We are now nearly two weeks into the fantasy baseball season and there are already plenty of players making quite an impressive for both good (Shohei Ohtani ) and bad (Giancarlo Stanton ) reasons.   While those two players have seen their stocks rise and fall they would be tough to pry away from their current owners.  With that said let’s take a look at some players who find their stocks on the way up or on the way down.


Rising Stock

Hanley Ramírez 1B, BOS- I was a big fan of Ramirez this offseason as he came into camp rejuvenated and more importantly healthy after an injury plagued 2017 season.  New Red Sox manager Alex Cora has gotten maximum effort from HanRam through the first few weeks of the season as he is hitting .359 with six runs, one home run, 11 RBI and three stolen bases.  Ramirez is owned in just over 50-percent of standard leagues but that should be on the rise as he hits in the middle of a Red Sox lineup that figures to score a ton of runs this season.

Dansby Swanson SS, ATL- Last season was a struggle for Swanson who entered the year with N.L. Rookie of the Year hype that just did not come to fruition.  2018 is a new season however and Swanson is looking much more comfortable at the plate and as a result the production has been there as he is hitting .366 with five runs, four doubles, one triple, one home run, eight RBI and one stolen base over the first 10 games of the season.  Swanson has the hit tool to flirt with a .300 average while providing the potential for 10+ home runs and 10+ stolen bases.

Sean Manaea SP, OAK- Manaea was a popular sleeper candidate heading into last season after a making a strong impression as a rookie in 2016 which saw him go 7-9 with a 3.86 ERA and a 1.19 WHIP.  Unfortunately, Manaea took a step back last season and had yet to show the strikeout rate that he had during the minors.  His 2017 performance lead him to an average ADP of 260 heading into the season in standard league formats, but he has rewarded those who drafted him with two strong starts to begin the year.  The strikeout numbers are still not where they should be as he has struck out just 11 over 15.2 innings but he has also only walked one batter over the two starts which is a great sign.  Manaea is available in over 40-percent of standard leagues and if that strikeout rate eventually comes around he could be in for a huge season.


Falling Stock

Logan Morrison 1B, MIN- Morrison was a late signing by the Twins this offseason as many had to wonder if his 38-home run outburst from 2017 was repeatable or not.  Unfortunately for Morrison and those who drafted him the answer through seven games this season is not about whether or not he can repeat the 38 home runs, which doesn’t look likely, but if he is actually going to make contact at all this season in general as Morrison is just 1-for-23 to begin the year.  His ownership percentage has dropped nearly 20 points since last week and that figures to continue to be on the down swing until he finally puts a ball over the fence.

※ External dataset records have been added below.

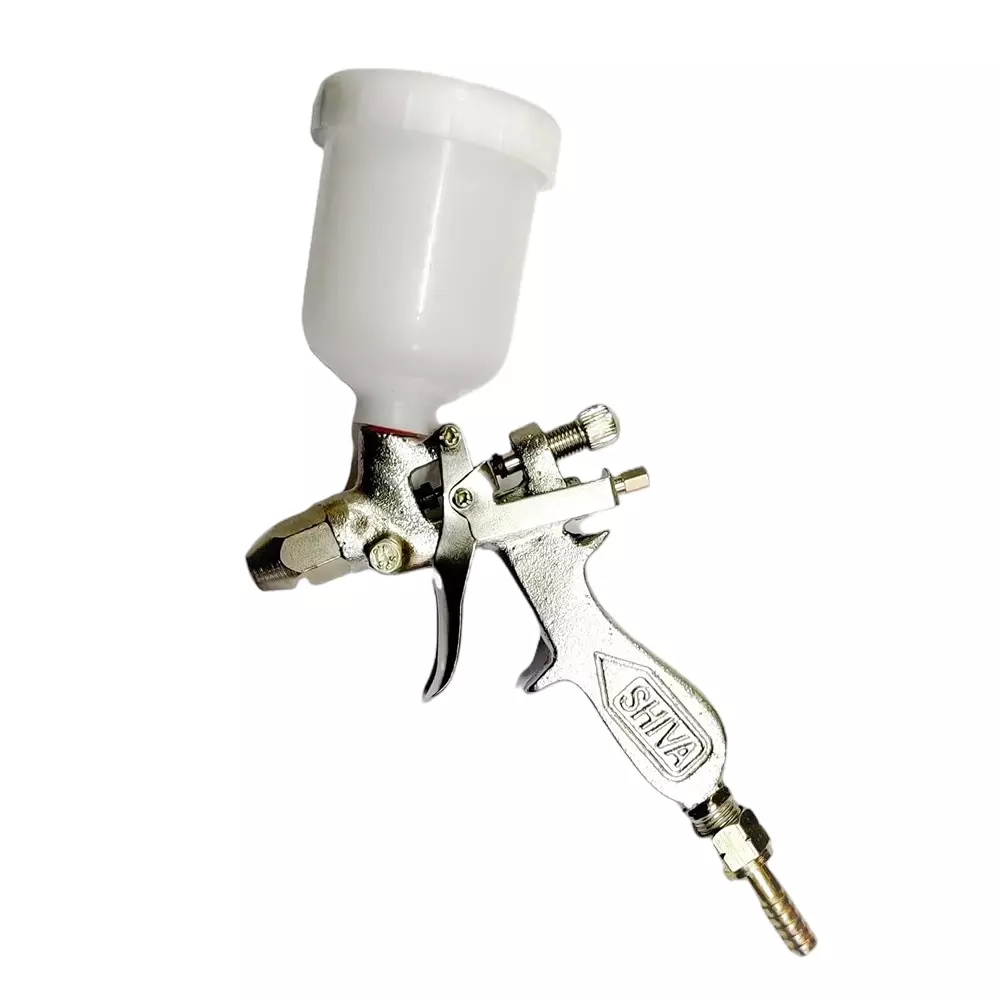 GENERIC Paint Spray Gun With Cup 1/4 Pint 118 ml Stainless Steel Comfortable Grip Silver
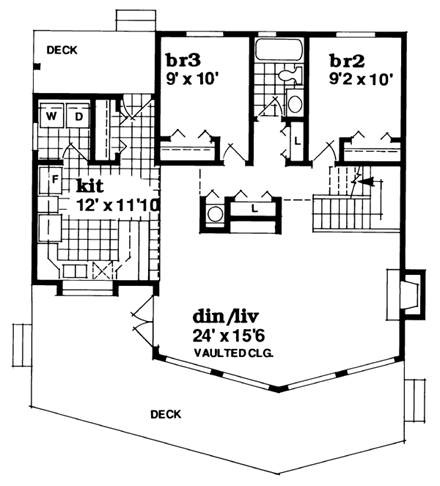 Contemporary, Narrow Lot House Plan 55342 with 3 Beds, 2 Baths First Level Plan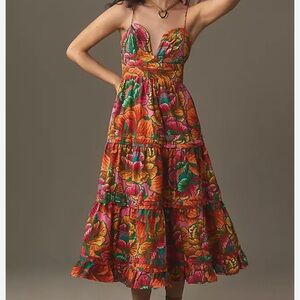 EUC Farm Rio Beaded Midi Dress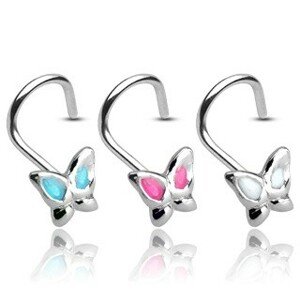 Piercing do nosa zo striebra 925 - motýlik s glazúrovanými krídelkami - Farba piercing: Aqua
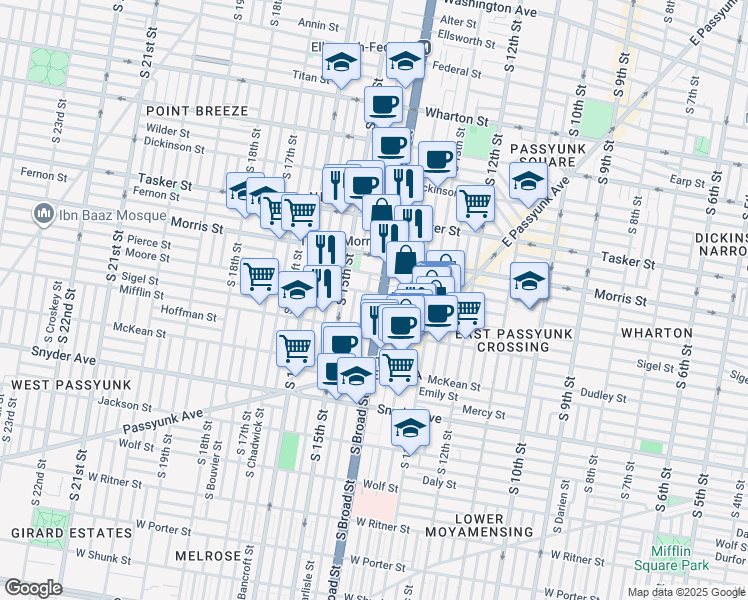 map of restaurants, bars, coffee shops, grocery stores, and more near 1402 Castle Avenue in Philadelphia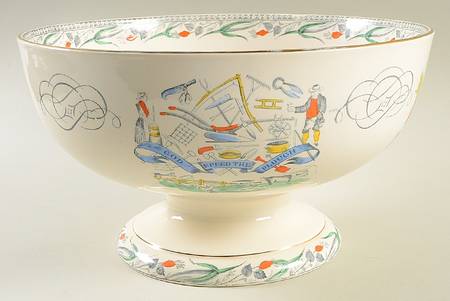 Farmers Arms (Gold Trim) Punch Bowl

Jason Kipnis 2B, CLE- The Indians offense is off to a slow start in general but given how well he hit during spring training it is a bit surprising to see Kipnis hitting as poorly as he is to begin the year as he is just 4-for-41 (.098) with two runs and one RBI though 11 games.  Kipnis was going very late in drafts after having a poor season in 2017 which saw him hit a career low .232 with a .705 OPS over 90 games. His strong spring had many calling him a great late round sleeper but his ownership levels are now below 50-percent and figure to keep on dropping as he is in an 0-for-18 skid.

Corey Knebel RP, MIL- Knebel had an average ADP of 82 in standard league formats heading into the season after coming off a dominate 2017 season where he saved 39 games and struck out 126 over 76 innings.  Unfortunately, Knebel had already gotten off to a slow start, allowing three earned runs over three appearances with one blown save and then he finds himself on the DL for at least six weeks due to a hamstring injury.  I always say you should wait on closers given how agro the position and this is just another example of why any other player would have been a better choice around pick No.82 of your standard league draft.